You may be surprised, but I have actually just described U.S. political history in the 19th century in a very condensed form. However, similar developments have occurred in many countries around the world.

The question is, what would be a rational strategy for those seeking to build a democratic society under such circumstances? It is a complex and so far unresolved problem which, along with other related matters, would be interesting to discuss at the session.

—  According to the abstract of your paper, the evolution of modern developed societies leads to a decrease in the significance of institutions of authority and competitive mechanisms; instead, the role of positive collaboration increases, accompanied by tolerance, altruism, etc. Which areas of collaboration – in society in general or between institutions – are you speaking about?

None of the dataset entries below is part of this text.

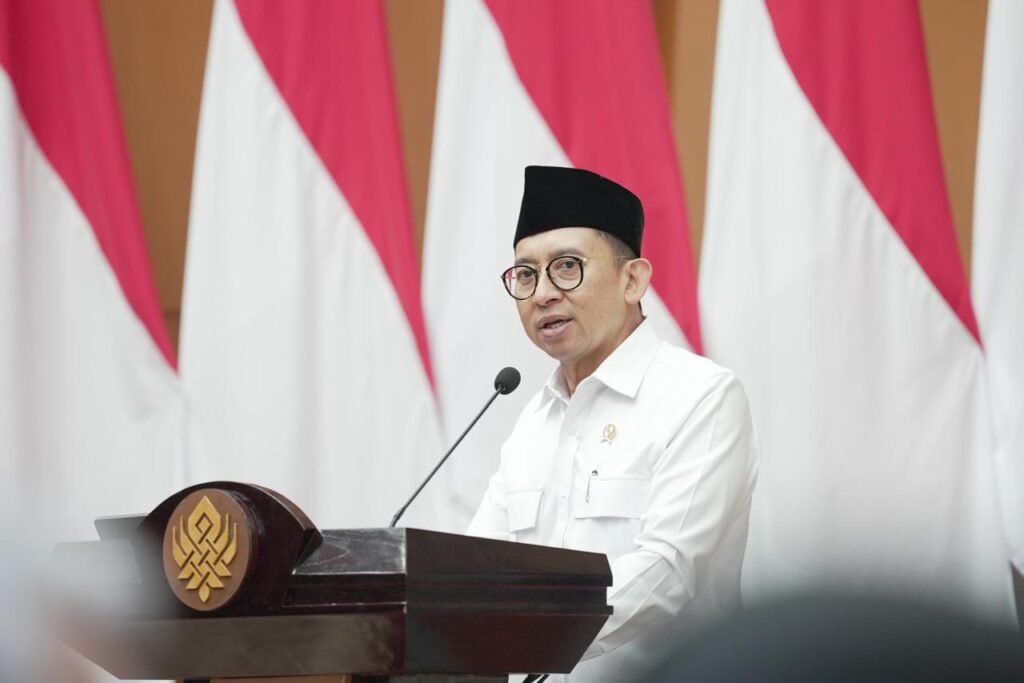 fadli-zon-merah-putih-podium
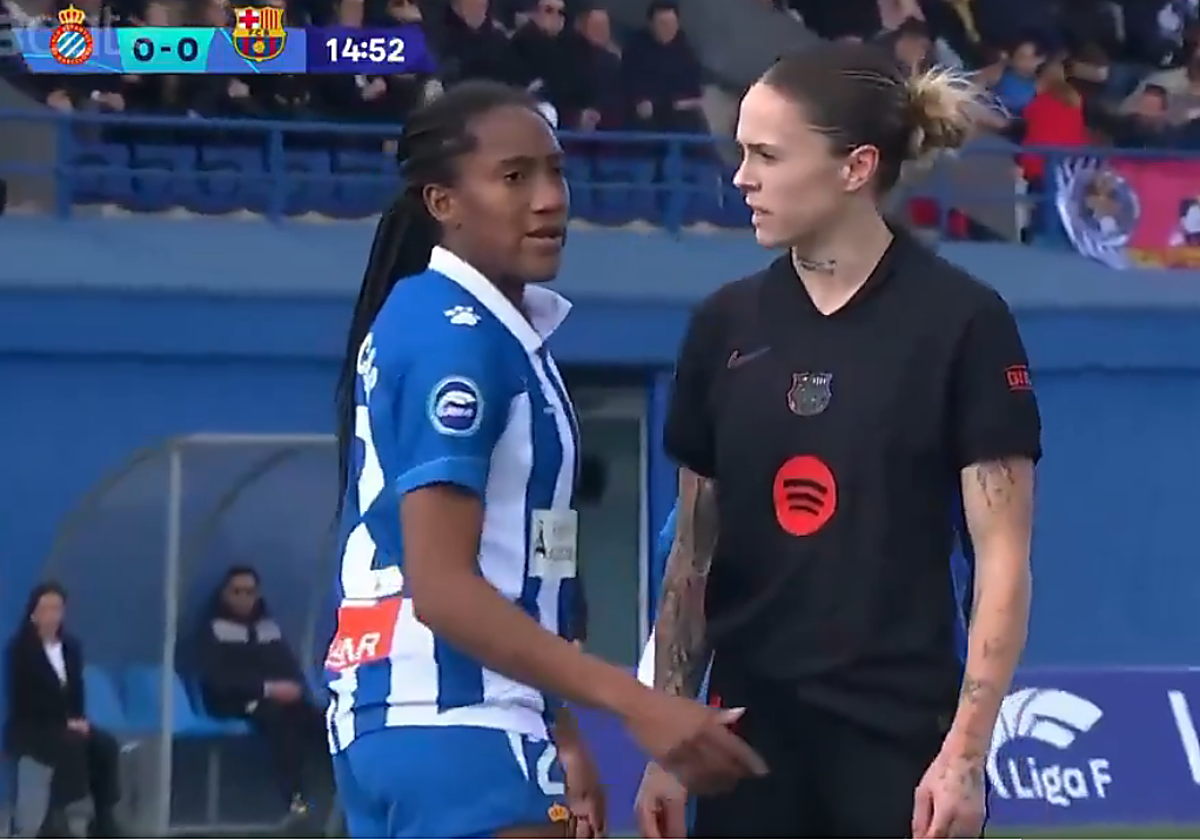 Mapi León observa desafiante a Daniela Caracas tras tocar sus genitales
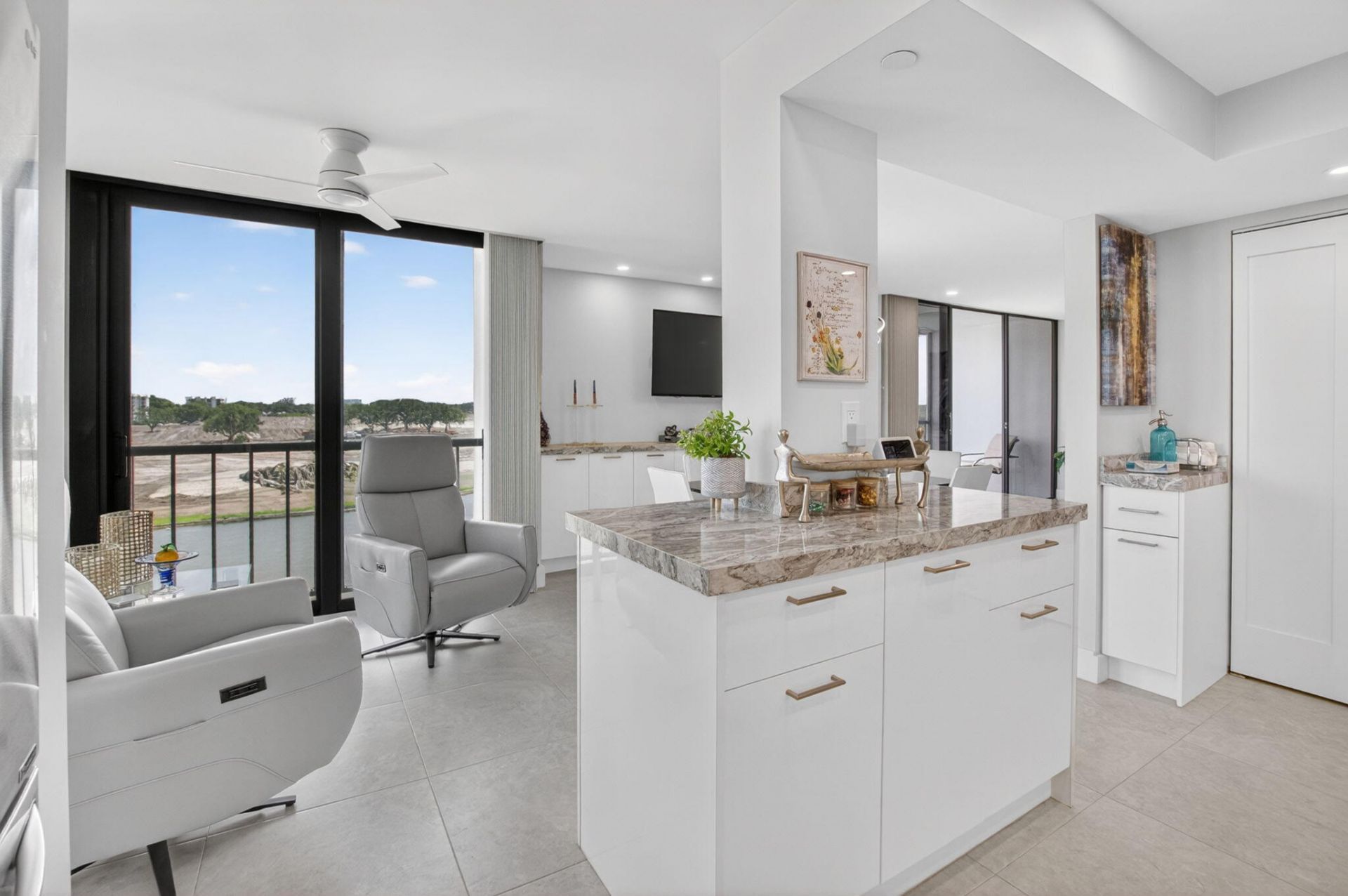 7768 Lakeside Boulevard, Unit 551, Boca Raton, FL 33434 Photo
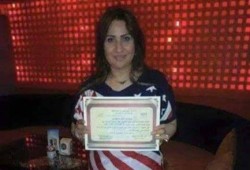 في عصر الإنقلاب...الأم المثالية جائزة الراقصات  وأم القاتل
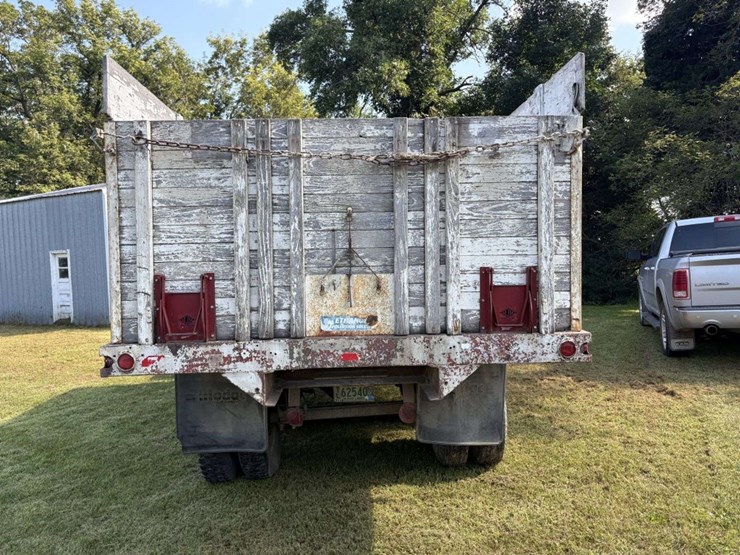1967-chevy-c50-grain-truck,-tandem-axle-with-hyd-lift-tag-axle,-350-v8,-4+2,-8.25-20-tires,-17.5’-wo-image-5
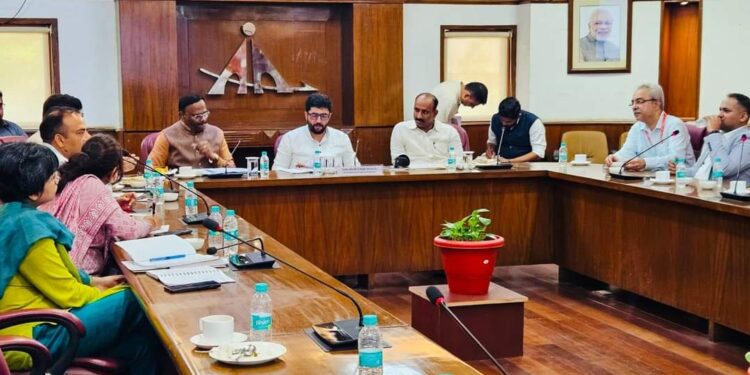 सोलापूर विमान सेवा सुरू करण्यासंदर्भात दिल्लीत झाली महत्वाची बैठक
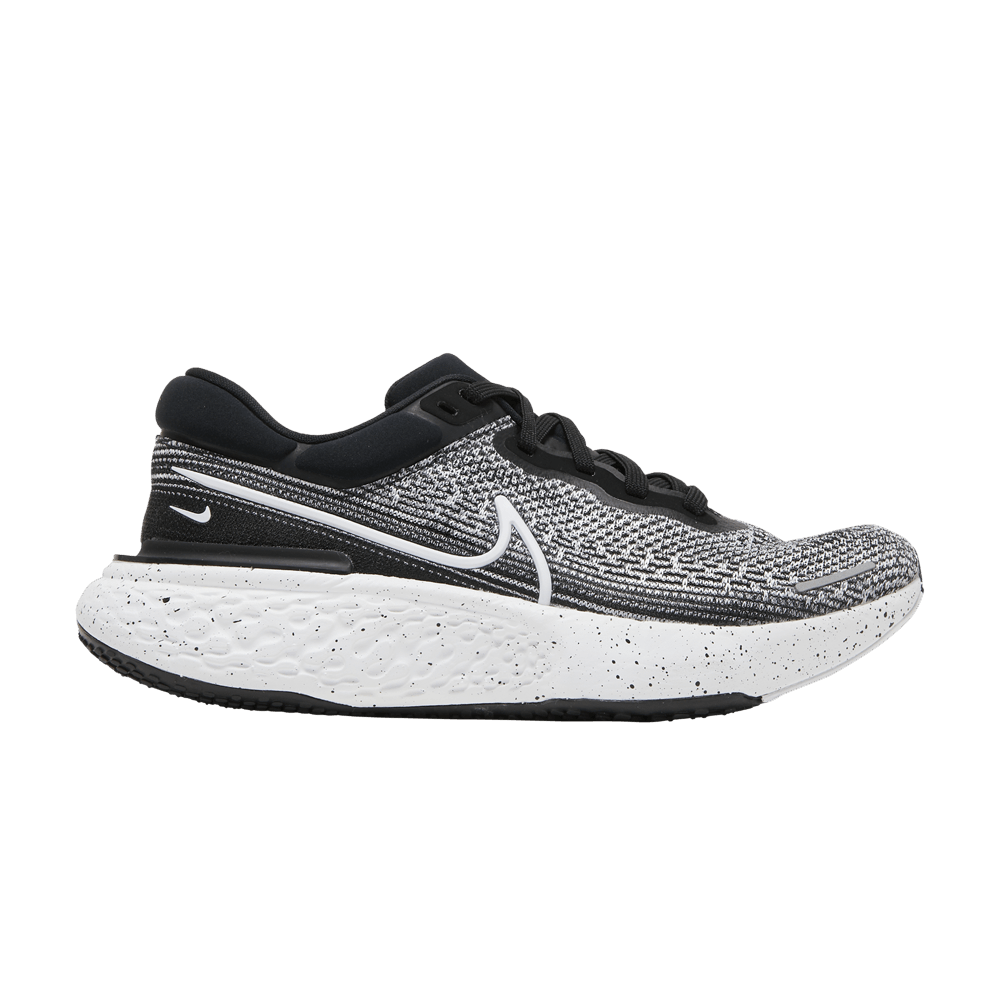 Кроссовки Nike Invincible Run 1 Flyknit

— I examine the evolution of institutions in the areas of intergovernmental, economic and political interactions. For centuries, war as the most drastic form of competition – except, perhaps, cannibalism – was considered a 'natural' type of interaction between countries; Kant wrote about it in 1795, calling nations to 'eternal peace'. In 1909, there were just 37 intergovernmental organisations in existence; today, many thousands of them exist, and the the total number of international organisations is close to 70,000. They facilitate cooperation in all important spheres of human activity and settle disputes which would have probably led to wars in the past. The European Union, having brought together countries previously warring for centuries, is a remarkable example of international cooperation. Today the E.U. is going through certain difficulties, but I am sure that the subtle mechanisms of balancing various interests will help the Europeans overcome them.

Economic competition is not as expensive as war, but here, too, the costs have been high in the recent past. In economic competition, many of the outputs produced by those who have lost the battle remain unused, thousands of enterprises go bankrupt each year; failure to address externalities and very short planning horizons lead to ineffective decisions; competitive systems are unstable in terms of market power and often generate unreasonable transaction costs due to price wars, excessive marketing, etc., as well as the psychological costs to the competitors.

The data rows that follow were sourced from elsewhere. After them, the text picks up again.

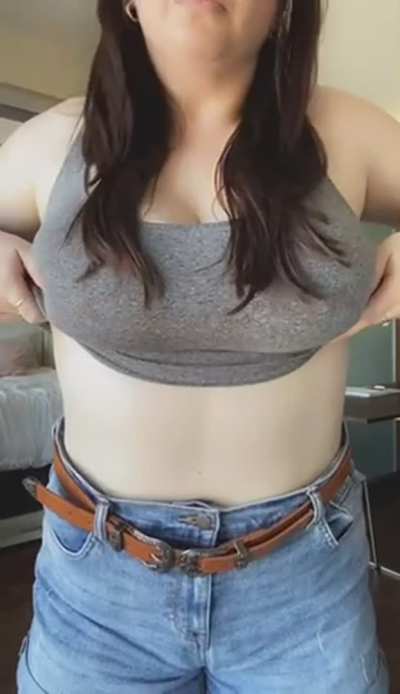Looking for a cuddle buddy&hellip; or a cream pie. 
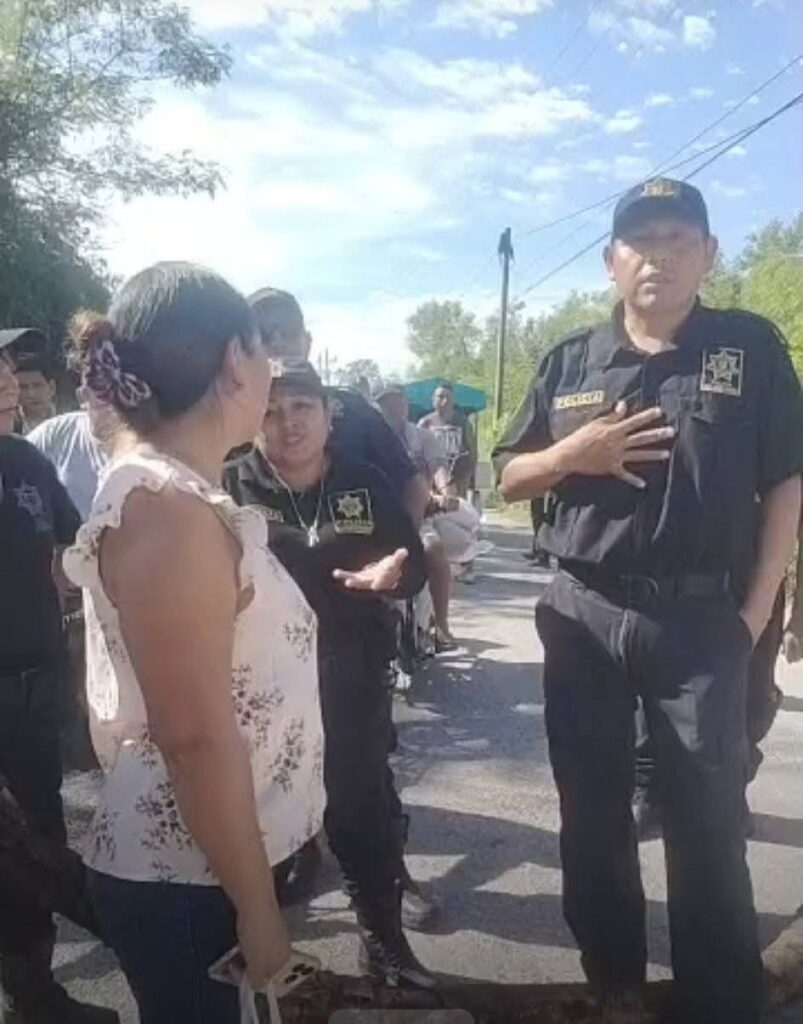 Madres protestan tras no tener luz, agua y más en una escuela de Canicab, Acanceh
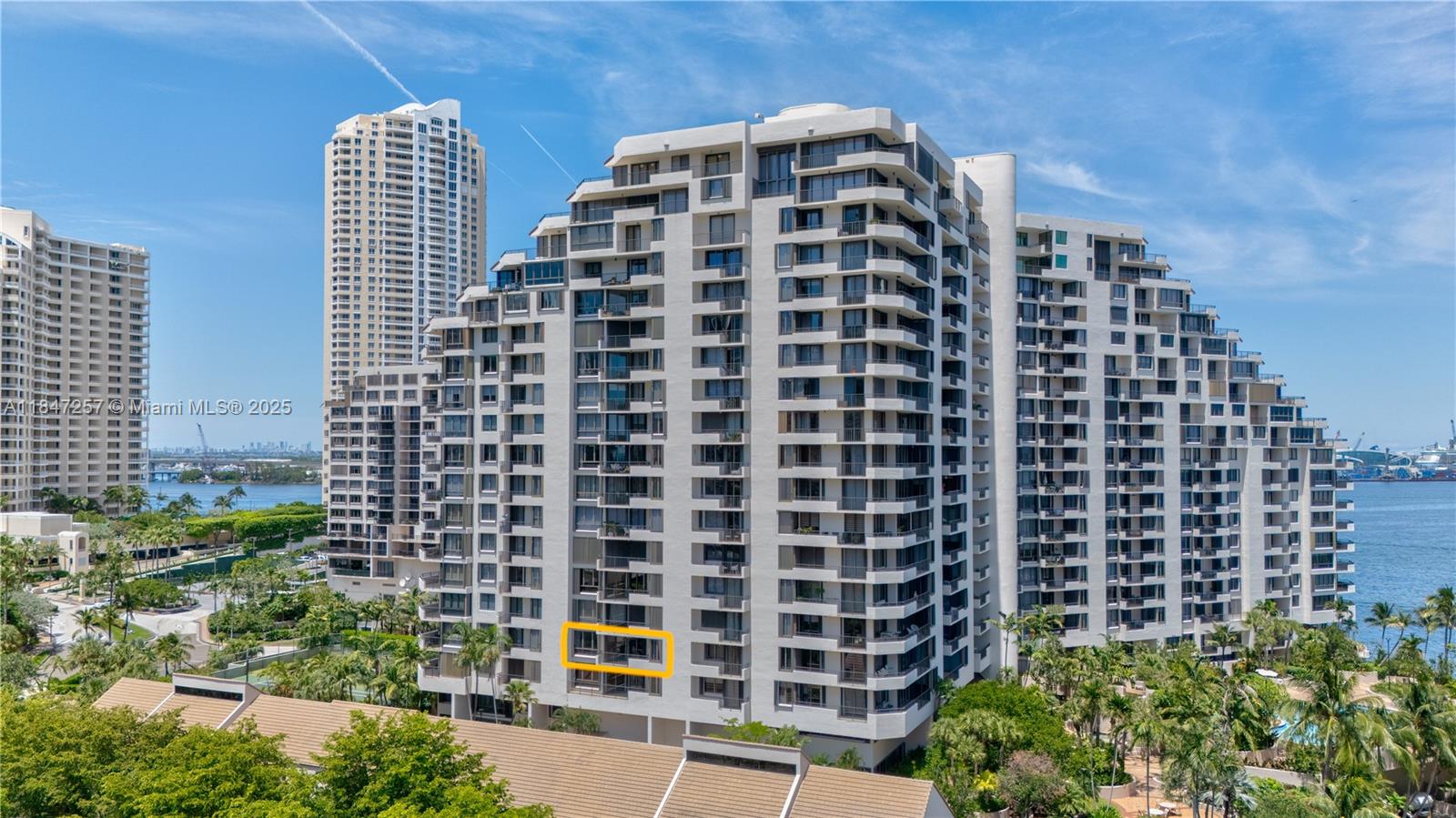 Apartamento à Venda em Miami, FL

However, development can bring about changes in civic culture, followed by changes in economic mechanisms. Bankruptcy cases which relatively recently could have resulted in incarceration are increasingly settled by mutual agreement between debtors and creditors. Trade collusion still punishable by prison in certain countries is increasingly recognised in developed societies as a form of cooperation beneficial to the public. Cooperation becomes naturally integrated in competition, sometimes irrespective of the parties' intent. It is not accidental that in many cities, jewellery stores are located in the same street. Two American scholars coined the word 'coopetition' in 1996 to describe a combination of competition and cooperation.

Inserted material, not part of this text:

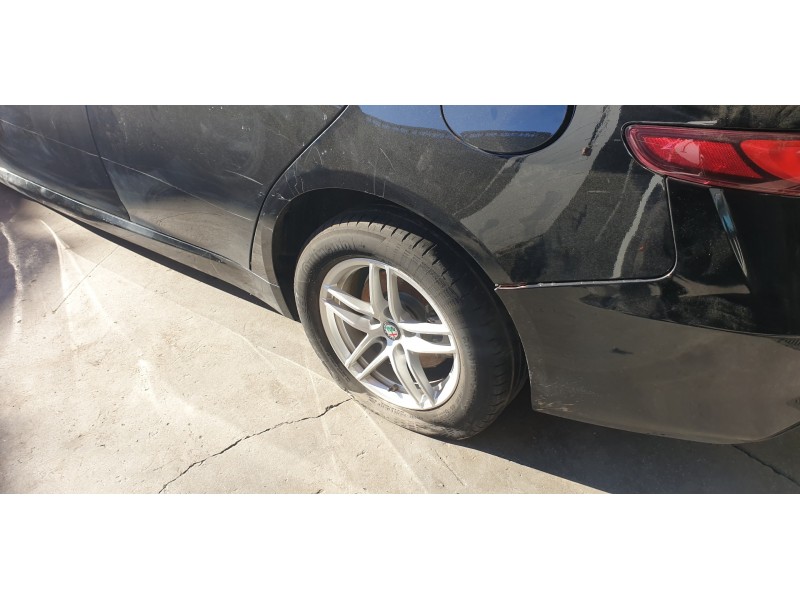 Recambio de amortiguador trasero izquierdo para alfa romeo giulia (952) 2.2 jtdm cat referencia OEM IAM 50559663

Mechanisms of cooperation are increasingly replacing not only those of competition, but also the functions of government which until recently seemed to be the only possible regulator of competition. In particular, business associations are now assuming regulatory functions.

— What can you say about the situation in Russia in this context?  

— Of course, the said evolution of institutions is mainly manifested in highly developed societies. In Russia, fair competition is is often lacking. However, the role of cooperation is growing here as well. Understanding the patterns of development can help us pass faster through stages that Western countries have already encountered.

— Do you believe that increasing cooperation can help combat economic inequality?

— Definitely. It is no accident that inequality is relatively low in the Nordic countries, where the mechanisms of economic and political cooperation are particularly well developed.